What is required: Could you output exactly the lines running from the one containing "Paper decorative lanterns Flowers II" to the final line of the listing below, leaving out pictures?

Dataset excerpt:
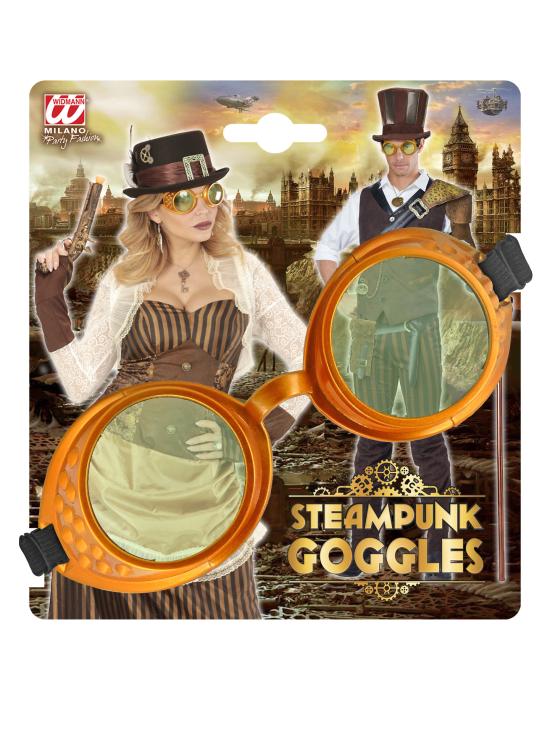 Óculos Steampunk Dourados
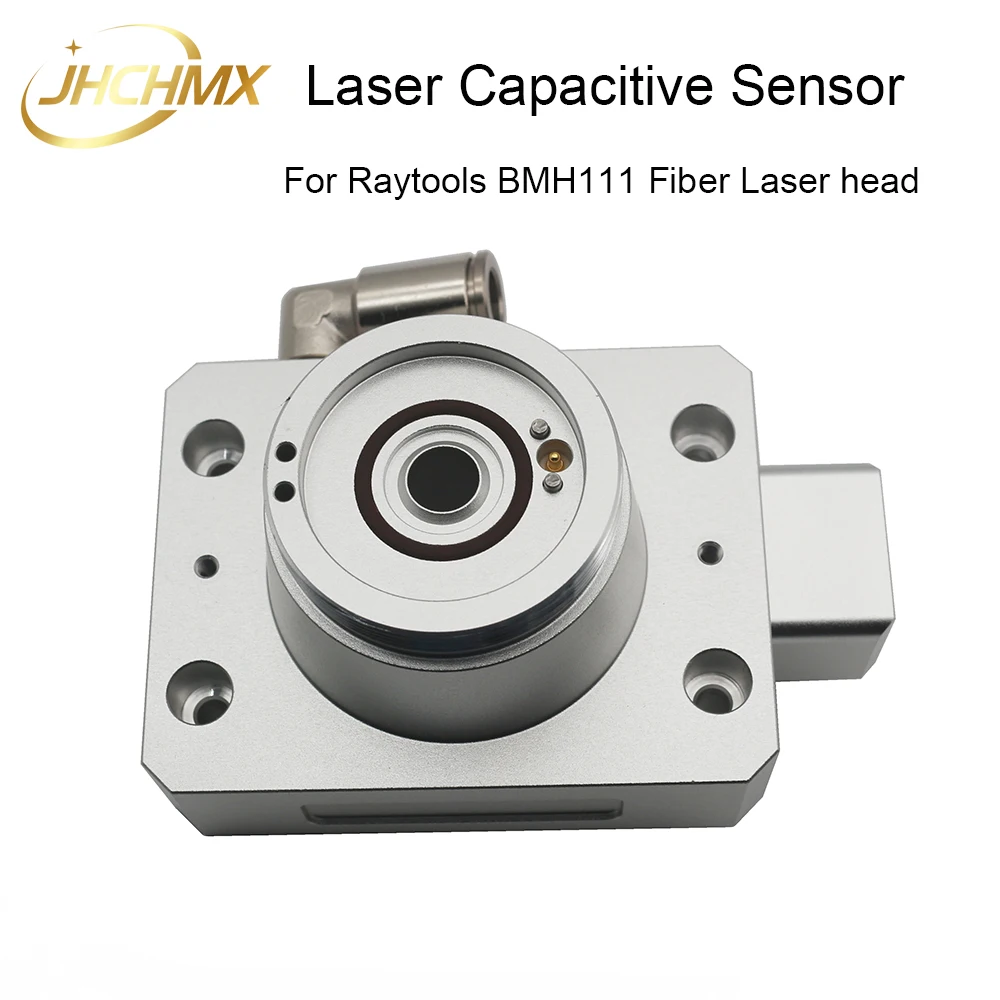 Jhchmx laser capacitivo sensor tra anel de cerâmica bloqueio porca bico conector para raytools bmh111 fibra cabeça do laser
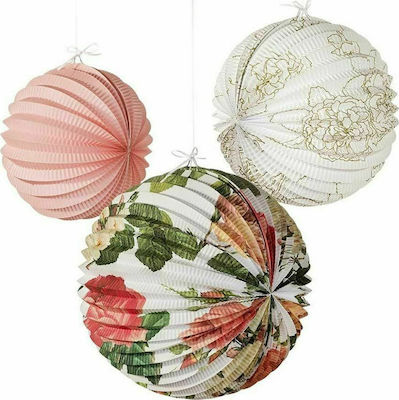 Paper decorative lanterns Flowers II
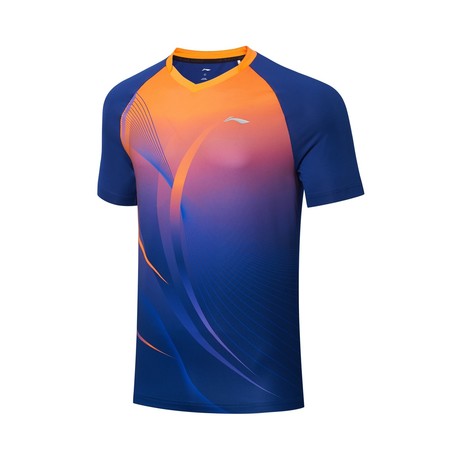 Tischtennis Herren Team Wettkampftrikot Topspin - blau-orange - AAYT031-4 M = S EU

Output:
 Paper decorative lanterns Flowers II
 Tischtennis Herren Team Wettkampftrikot Topspin - blau-orange - AAYT031-4 M = S EU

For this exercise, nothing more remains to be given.